* COLLECTED MATERIAL *
:::
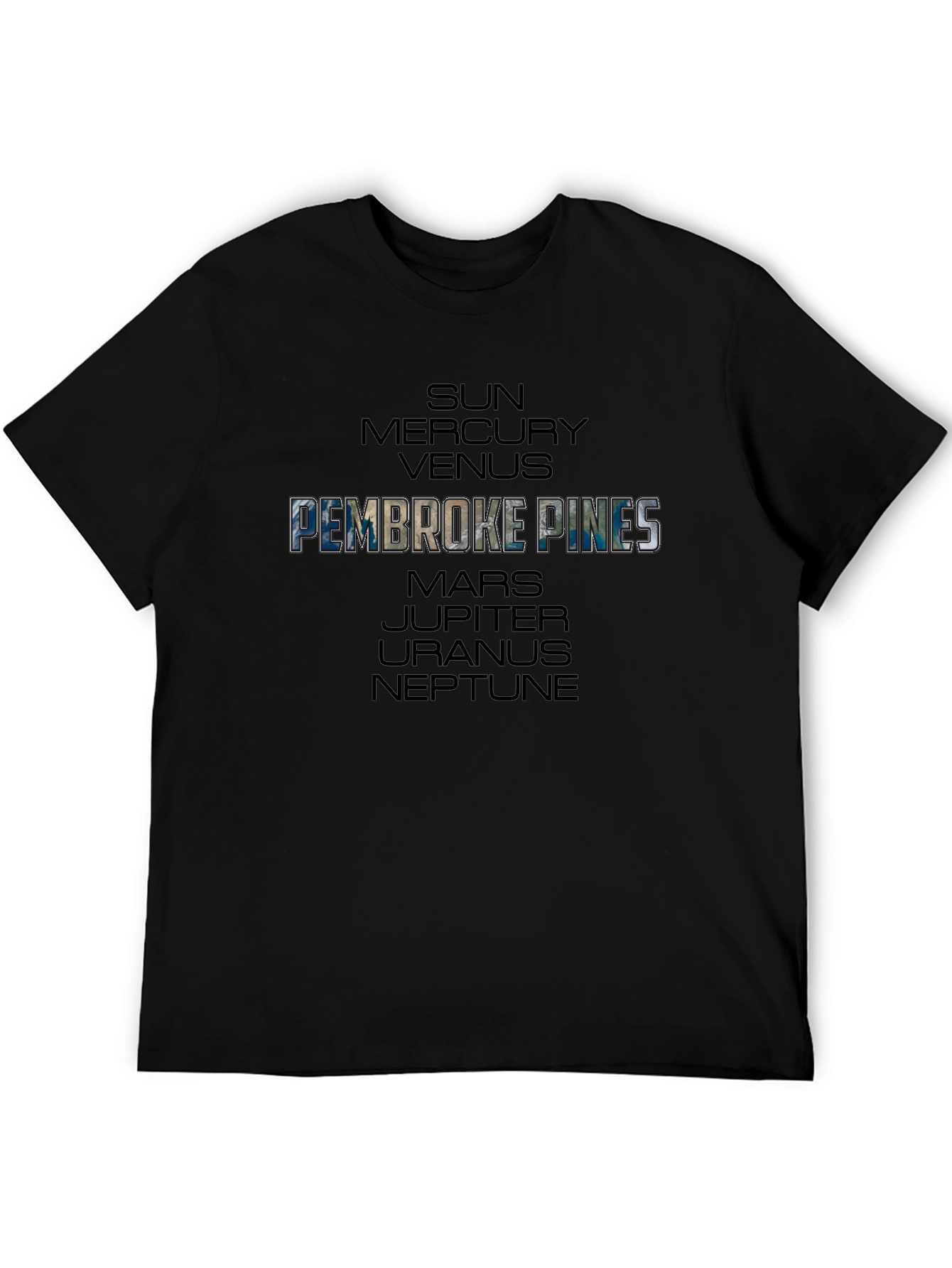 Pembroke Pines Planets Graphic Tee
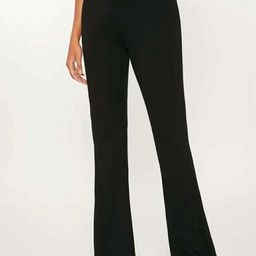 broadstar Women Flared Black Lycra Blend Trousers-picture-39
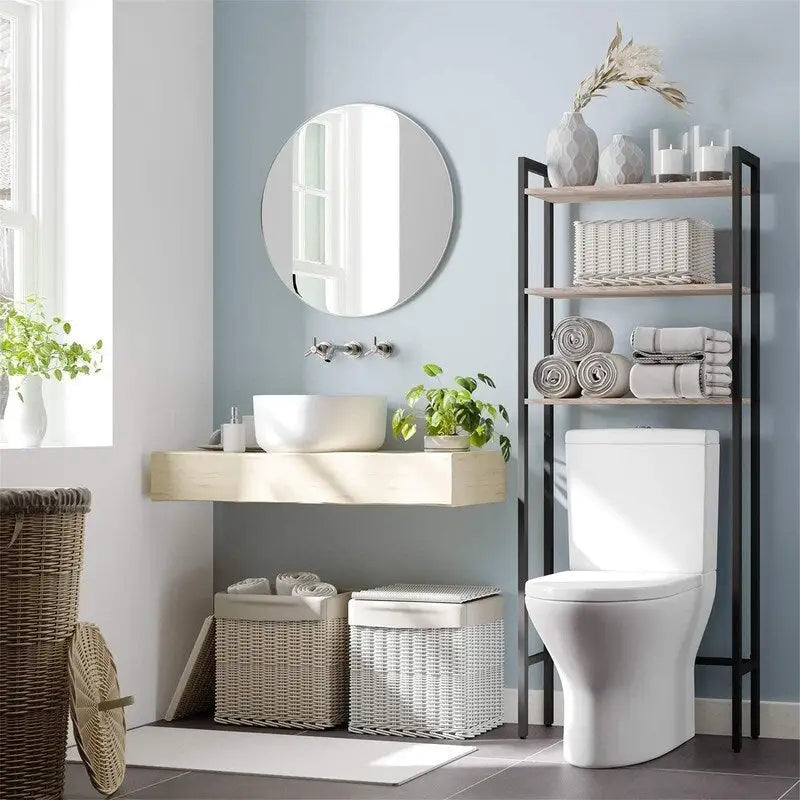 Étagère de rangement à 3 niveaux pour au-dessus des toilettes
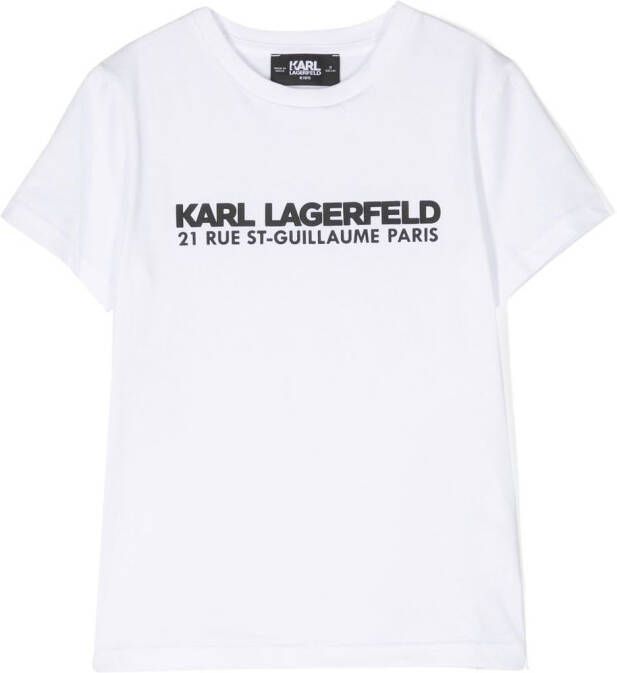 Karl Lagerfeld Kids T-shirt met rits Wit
:::
* THE PROBLEM *
Set the preceding data down again word for word, omitting images.

* ANSWER TO THIS PROBLEM *
 Pembroke Pines Planets Graphic Tee
 broadstar Women Flared Black Lycra Blend Trousers-picture-39
 Étagère de rangement à 3 niveaux pour au-dessus des toilettes
 Karl Lagerfeld Kids T-shirt met rits Wit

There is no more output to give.